工数削減とは作業を完了させるために必要な時間や人員について見直しを行い、削減を図るプロセスのことをいいます。より具体的な内容としては不要な作業の特定・除去や優先順位の見直し、多くの時間を要している作業の改善などを挙げることが可能であり、主な改善手段としては「自動化」や「効率化」があります。先に述べた通り直接的に人件費・経費削減に繋がるケースもあれば、空いた時間で違う仕事を受けることにより作業員1人当たりの売上高が増加するなどといった効果も期待できます。
工数削減のための簡単ステップ
工数削減を実現するための手法として「ECRSの4原則」というものがあります。これは業務改善効果の高い施策の順番と考え方を示したものであり、ここでは基礎的な概念について解説します。
排除(Eliminate)
ECRSの1段階目は「排除」です。これは排除しても問題のない業務を検討することを指しており、各業務で行っている内容の具体的な理由と目的の洗い出しから取り組みます。明確な理由や目的が無い場合、形骸化している作業である可能性が高いため省く必要があります。具体例としては「誰も見ない報告書の作成」や「設備更新で不要になったはずの検査」などが挙げられます。
結合(Combine)
次に挙げられるプロセスが「結合」です。これは類似しているのに別々に対応していた業務を一本化・集約することにより、効率が向上するかを検討します。何種類にもわたる剣先を使用していた検査を1台の機械で対応できるよう対応するほか、何枚も存在していたチェックシートを1枚にまとめるなどといったケースがあります。

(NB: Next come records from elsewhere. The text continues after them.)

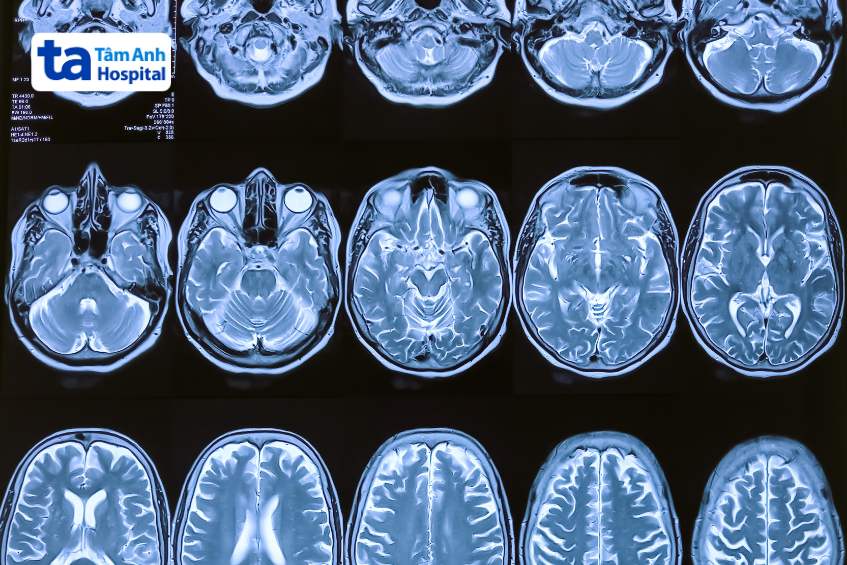 mri chẩn đoán bệnh teo não ở người trẻ tuổi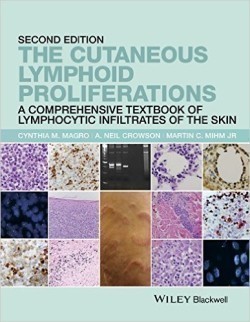 Cutaneous Lymphoid Proliferations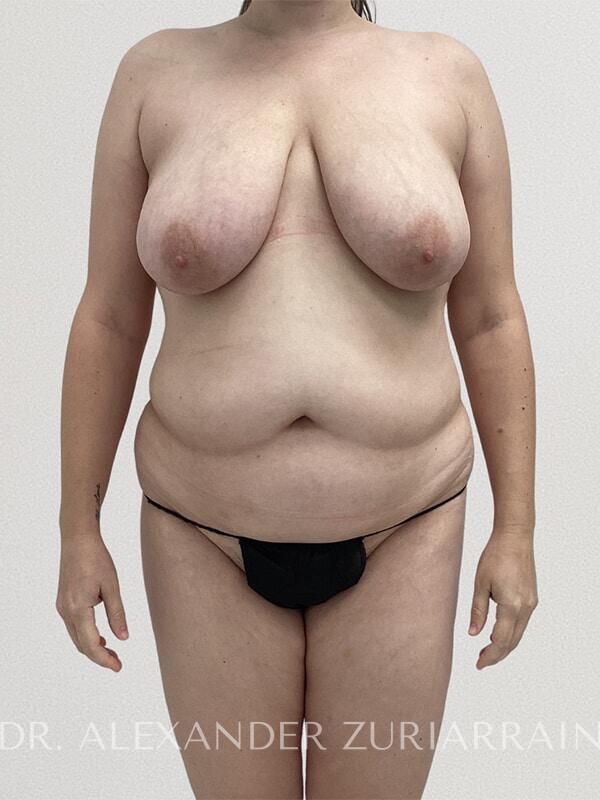 Tummy Tuck before photo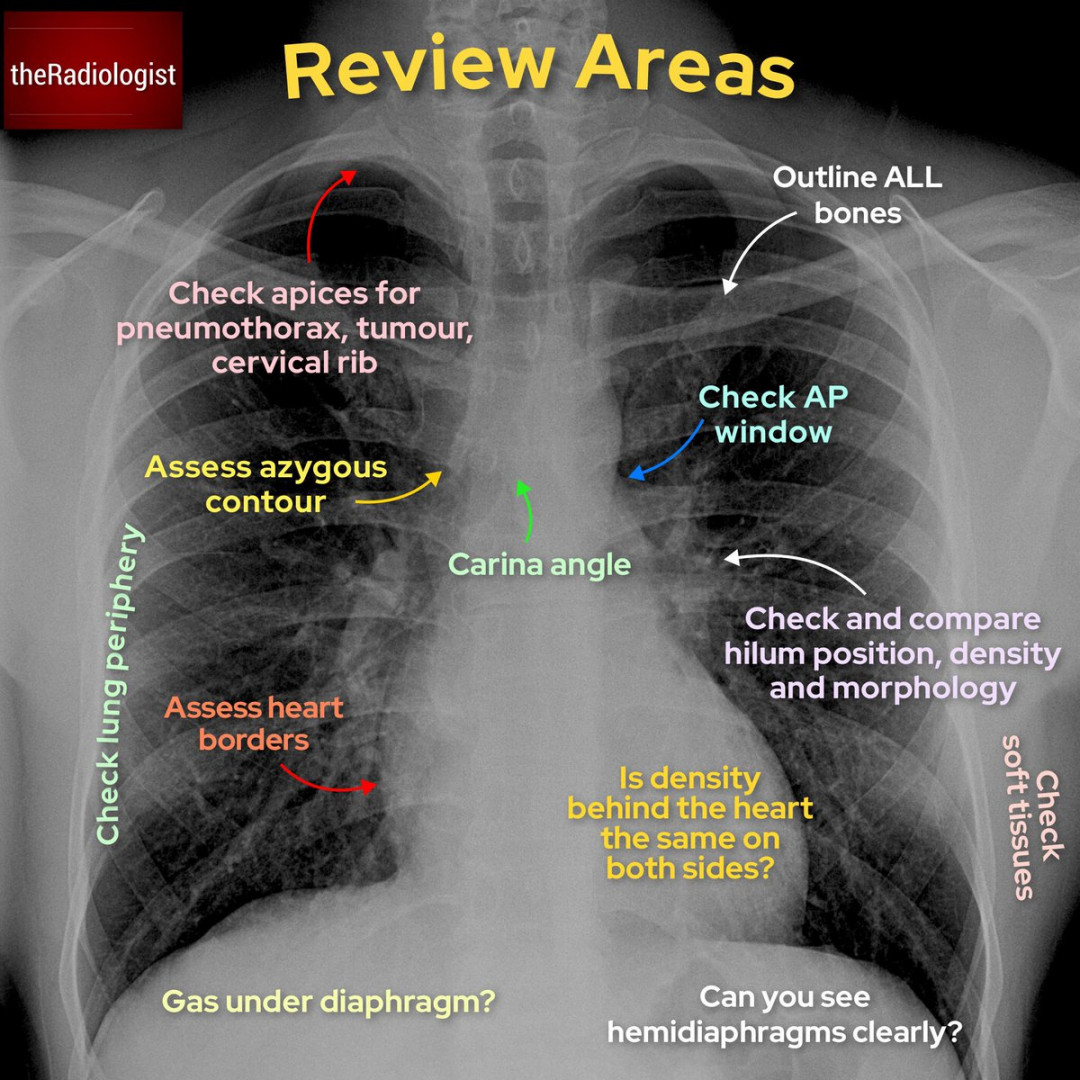 theRadiologist on X: "BASICS: Chest X-Ray anatomy and review areas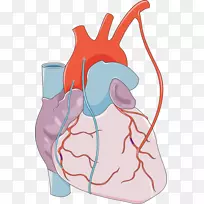 冠状动脉旁路手术心肌梗死心脏学冠状动脉解剖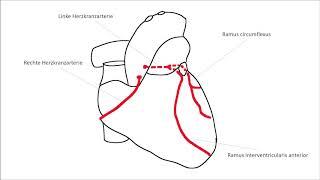 EKG verstehen; Schenkelblock, Herzinfarkt (EKG Crashkurs Teil 2)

一方で結合せずに分離しておいた方がいい業務もあることから、柔軟に考えなければいけません。
交換(Rearrange)
次に「交換」について解説します。業務・作業における順序を入れ替えることにより業務効率が改善しないかどうかを検討します。例えば左から右に流れていた製造ラインについて、利き手を意識して右から左に流れるように変更を行うなどといったものが挙げられます。頻繁に取り出すモノを取り出しやすい位置にある別のモノと入れ替えるなど、1作業あたりの改善効果は小さくとも長期的に見ると大きな改善に繋がることも少なくありません。
簡素化(Simplify)
最後に「簡素化」です。これは業務の一部自動化・パターン化するなどして単純作業に変更することができないかを検討するものです。複数のパラメータを入れて設定していた装置について1つの入力で自動設定されるよう組み替える、部品や異物検知をカメラで自動判別させ組付け作業に集中できるようにするなどといった改善がこの「簡素化」に該当します。